At the beginning of his sophomore year, Shepard’s writing teacher tried to talk him out of continuing on the fiction-writing path. But Shepard stumbled into writing a story in which the narrative was very “voice-driven” and different from anything he’d done before. At first his teacher didn’t believe it possible that it could have been written by the same author as the one who wrote about the triceratops. But Shepard’s writing continued to improve, and by the time graduation rolled around, he was already a published author. He went on to earn an M.F.A. in creative writing at Brown University, where he studied with the experimental writer John Hawkes.

“He turned out to be a wonderful person to work with, even though his work was so different from mine,” said Shepard. “I thought he was going to hate my stuff, but he didn’t. Whenever I did something slightly weird, he would respond. That turned out to be a very useful thing, because I have a strange streak in my fiction.”

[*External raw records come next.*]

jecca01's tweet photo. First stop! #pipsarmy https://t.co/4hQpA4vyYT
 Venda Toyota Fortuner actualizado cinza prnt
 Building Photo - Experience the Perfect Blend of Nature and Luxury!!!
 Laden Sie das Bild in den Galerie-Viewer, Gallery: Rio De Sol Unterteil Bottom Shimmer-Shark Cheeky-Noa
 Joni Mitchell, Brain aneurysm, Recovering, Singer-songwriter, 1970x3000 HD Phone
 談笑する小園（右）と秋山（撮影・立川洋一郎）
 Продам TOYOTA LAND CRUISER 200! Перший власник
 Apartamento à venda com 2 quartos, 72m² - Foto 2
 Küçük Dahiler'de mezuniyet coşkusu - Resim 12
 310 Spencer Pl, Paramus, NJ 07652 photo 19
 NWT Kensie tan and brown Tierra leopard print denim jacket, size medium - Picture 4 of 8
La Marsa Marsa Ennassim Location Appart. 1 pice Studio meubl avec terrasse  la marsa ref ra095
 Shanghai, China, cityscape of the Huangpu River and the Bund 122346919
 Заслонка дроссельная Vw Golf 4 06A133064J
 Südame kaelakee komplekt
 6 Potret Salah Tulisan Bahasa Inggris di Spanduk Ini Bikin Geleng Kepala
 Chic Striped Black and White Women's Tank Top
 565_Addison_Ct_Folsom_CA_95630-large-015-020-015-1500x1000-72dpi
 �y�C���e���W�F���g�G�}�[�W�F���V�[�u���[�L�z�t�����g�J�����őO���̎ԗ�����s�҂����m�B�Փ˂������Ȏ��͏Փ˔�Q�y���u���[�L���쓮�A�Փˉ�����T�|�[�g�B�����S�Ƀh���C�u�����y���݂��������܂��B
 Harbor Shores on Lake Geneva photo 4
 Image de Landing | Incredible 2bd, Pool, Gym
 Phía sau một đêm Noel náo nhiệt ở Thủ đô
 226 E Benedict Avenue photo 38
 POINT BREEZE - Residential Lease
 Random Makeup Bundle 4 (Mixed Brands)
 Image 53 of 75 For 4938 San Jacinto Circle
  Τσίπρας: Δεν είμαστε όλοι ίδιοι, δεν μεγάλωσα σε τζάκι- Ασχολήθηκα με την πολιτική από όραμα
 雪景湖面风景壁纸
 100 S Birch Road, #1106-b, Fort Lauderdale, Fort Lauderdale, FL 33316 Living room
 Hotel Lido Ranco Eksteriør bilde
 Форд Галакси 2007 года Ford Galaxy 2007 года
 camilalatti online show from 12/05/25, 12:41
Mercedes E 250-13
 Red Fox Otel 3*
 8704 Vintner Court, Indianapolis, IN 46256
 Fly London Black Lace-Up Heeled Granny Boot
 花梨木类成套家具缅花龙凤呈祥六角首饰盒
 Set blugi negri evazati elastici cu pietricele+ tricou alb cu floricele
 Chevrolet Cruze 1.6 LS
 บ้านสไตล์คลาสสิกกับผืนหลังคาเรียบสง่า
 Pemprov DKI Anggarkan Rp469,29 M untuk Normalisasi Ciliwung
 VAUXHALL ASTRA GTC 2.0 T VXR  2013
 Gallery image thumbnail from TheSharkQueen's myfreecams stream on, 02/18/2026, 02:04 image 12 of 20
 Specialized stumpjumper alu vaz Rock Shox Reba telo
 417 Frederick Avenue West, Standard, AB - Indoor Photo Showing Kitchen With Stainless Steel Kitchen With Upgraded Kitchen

After Brown, Shepard taught at the University of Michigan at Ann Arbor for three years before coming to Williams. Having attained the position of J. Leland Miller Professor of English in 1995, Shepard is now completing his 20th year at the elite private college. During that time, he has written seven books. Four novels, including “Nosferatu,” “Kiss of the Wolf,” “Paper Doll,” and “Flights,” and a short-story collection, “Batting Against Castro,” were selected by the New York Times as Notable Books of the Year. Shepard also frequently writes for The New York Times Book Review and contributes film criticism to the Sunday New York Times Arts and Leisure Section.

Over the part 20 years, Shepard has also garnered a well-deserved reputation as a master teacher. He was awarded the Nelson Bushnell Prize for teaching and scholarship at Williams in 1997. In addition to creative writing at Williams, he teaches literature and film. He also teaches at writer’s conferences such as Bread Loaf in Middlebury, Vt., and has been writer-in-residence at Brown, Vassar, and the University of California at Irvine.

He has also come to appreciate teaching for what it does for the writer. “Teaching disciplines your mind, forces you to think more systematically about the texts you love,” he said. “We have a tendency with texts we love to get into a shpiel about them. If you’re lecturing on them, you have to be more able to go through the whole thing.”

Teaching the craft of fiction-writing also hones his own creative instincts, forcing him “to articulate why this machine is breaking down, and how you can make the machine work better.”

On a recent weekday afternoon, Shepard -- wearing a black wool jacket with a dress shirt and tie over blue jeans -- was steering 15 undergraduates in a seminar room on the third floor of Hopkins Hall through a short story by Tobias Wolff. Shepard alternately questioned and cajoled his charges into seeing beyond the surface of the story, helping them to pinpoint how the writer achieved his desired effects using the various tools of fiction-writing.

By almost magically becoming a character in the story itself, Shepard deftly brought the story to life. At the same time he helped his students shape their thoughts about the story with wit and without any apparent condescension. He naturally quoted W.H. Auden, pointed out an allusion to Shakespeare, and made reference to the obscure cult film “Buffalo 66,” in a display of cross-cultural command recognizable to his readers that while dazzling never draws attention to itself, but rather helps illuminate the writer’s work.

“I never thought I’d be a writer,” Shepard says after class. “My secret plan was I would write in my spare time and people would give me food.”